**Task directions**
What is needed is an exact reproduction of the lines in the records below, starting at the line with "Personne de dos" and ending at the line with "Used 2021 Chrysler Voyager LX FWD image 16", both included, and nothing else; pictures stay out.

Source information section start

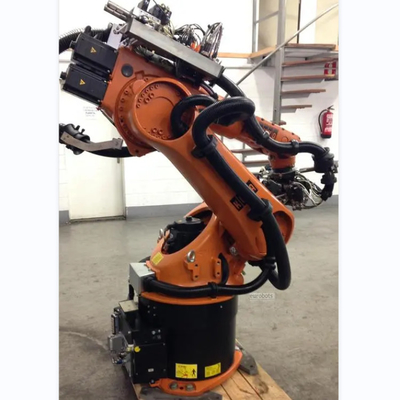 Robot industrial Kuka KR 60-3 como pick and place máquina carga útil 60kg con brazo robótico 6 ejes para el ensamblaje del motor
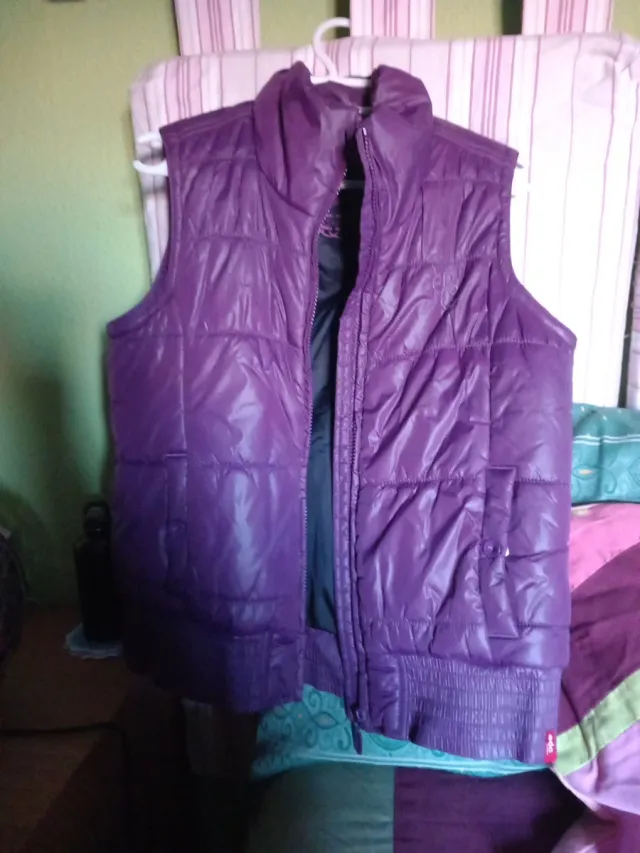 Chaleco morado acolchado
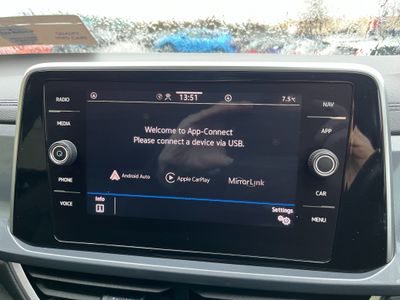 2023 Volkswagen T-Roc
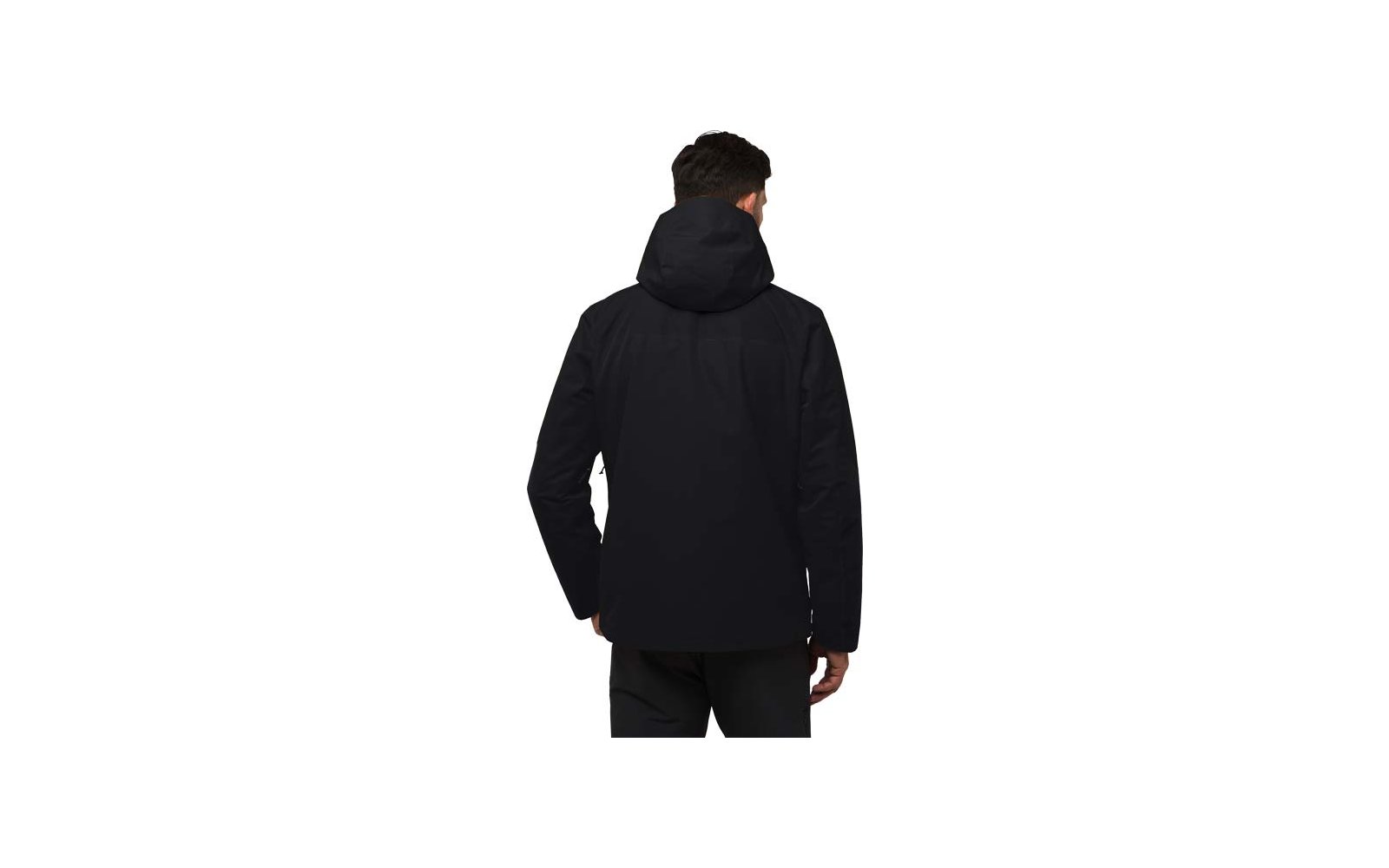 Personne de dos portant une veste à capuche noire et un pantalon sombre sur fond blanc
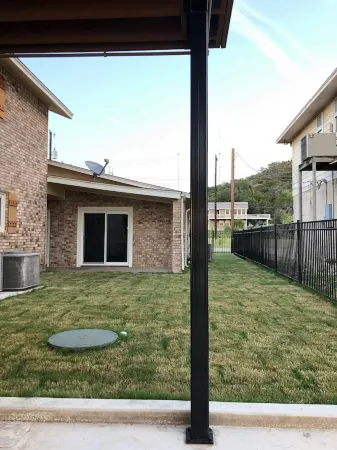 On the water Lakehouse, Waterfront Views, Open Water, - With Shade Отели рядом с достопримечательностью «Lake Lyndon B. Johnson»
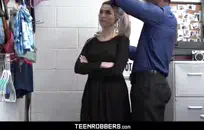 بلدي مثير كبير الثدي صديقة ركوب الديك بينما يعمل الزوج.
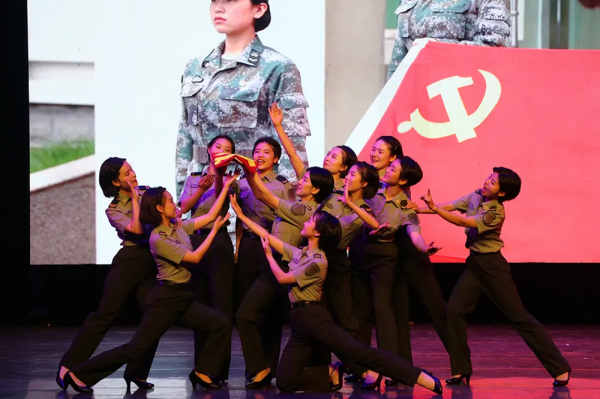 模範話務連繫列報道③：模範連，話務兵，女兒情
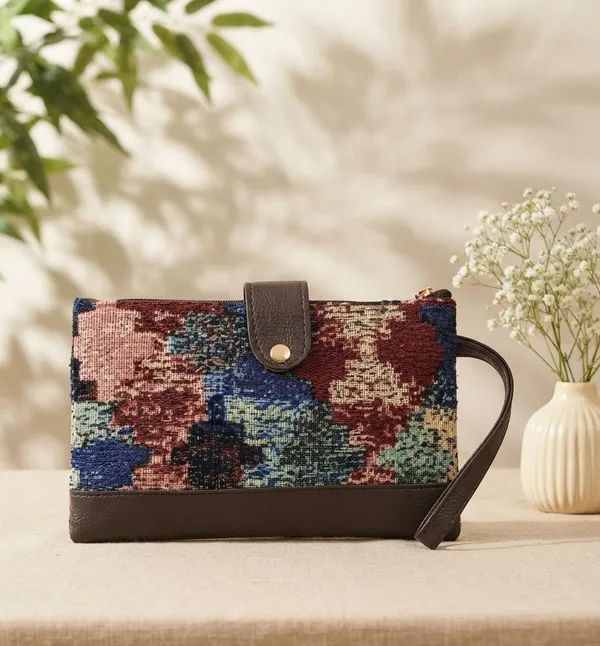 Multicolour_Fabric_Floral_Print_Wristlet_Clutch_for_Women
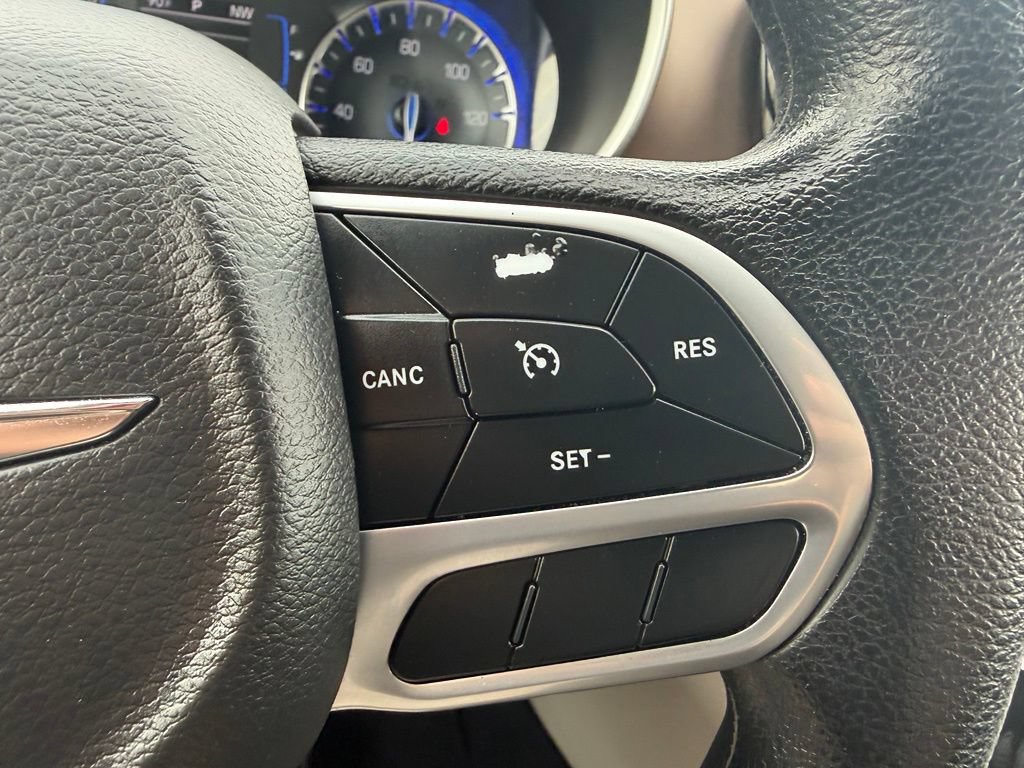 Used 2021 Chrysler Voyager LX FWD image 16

Source information section end
Source information section start

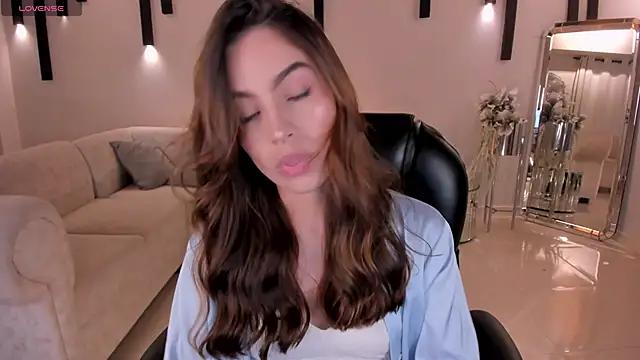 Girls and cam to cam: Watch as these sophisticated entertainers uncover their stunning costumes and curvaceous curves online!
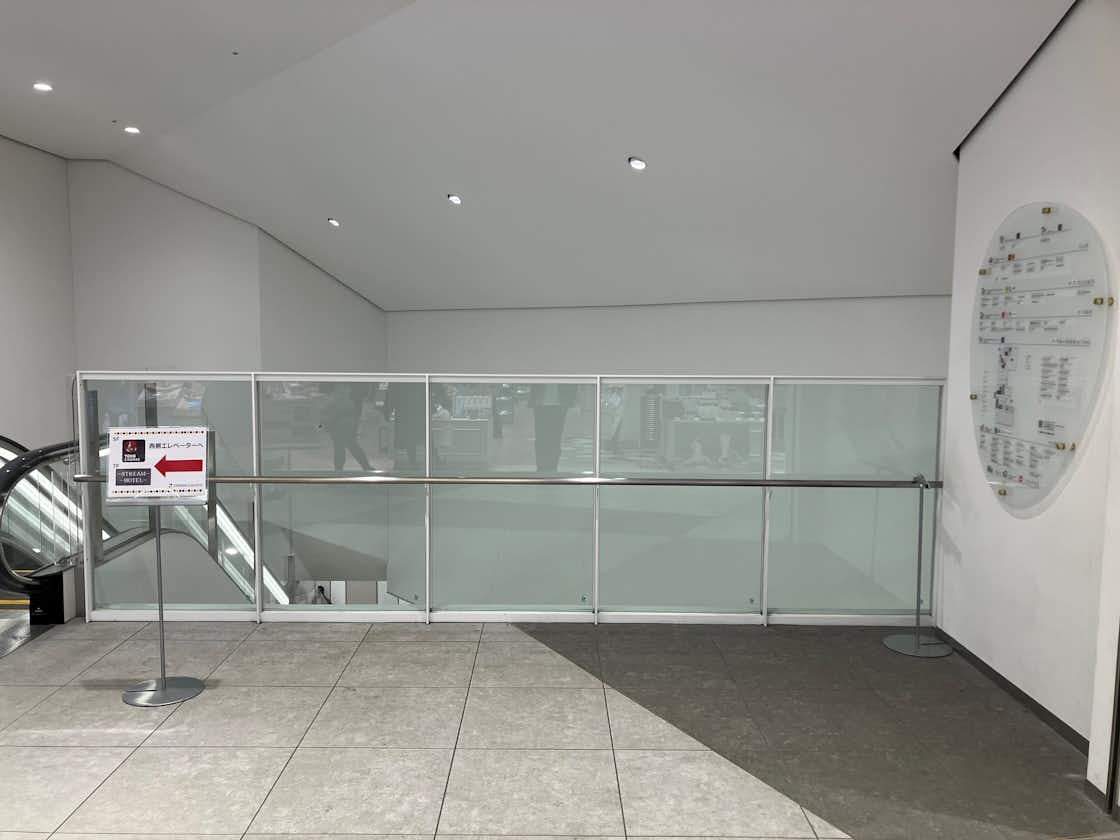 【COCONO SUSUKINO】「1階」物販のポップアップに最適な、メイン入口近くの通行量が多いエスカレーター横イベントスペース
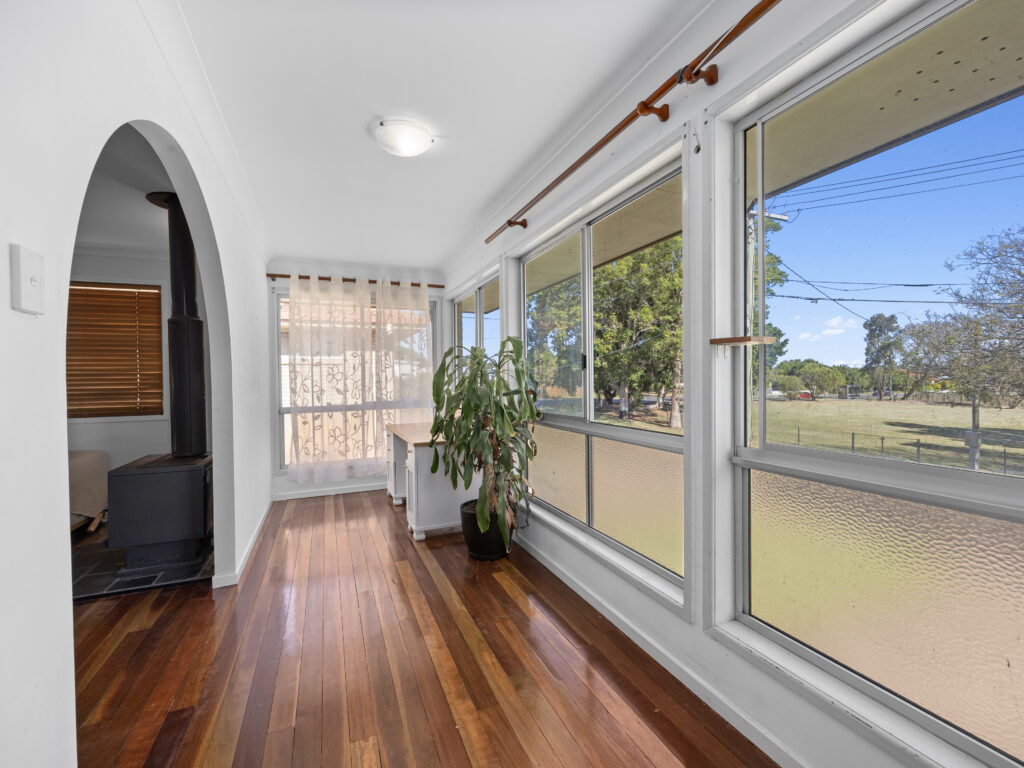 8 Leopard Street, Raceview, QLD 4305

Source information section end

**Result of the exercise**
 Personne de dos portant une veste à capuche noire et un pantalon sombre sur fond blanc
 On the water Lakehouse, Waterfront Views, Open Water, - With Shade Отели рядом с достопримечательностью «Lake Lyndon B. Johnson»
 بلدي مثير كبير الثدي صديقة ركوب الديك بينما يعمل الزوج.
 模範話務連繫列報道③：模範連，話務兵，女兒情
 Multicolour_Fabric_Floral_Print_Wristlet_Clutch_for_Women
 Used 2021 Chrysler Voyager LX FWD image 16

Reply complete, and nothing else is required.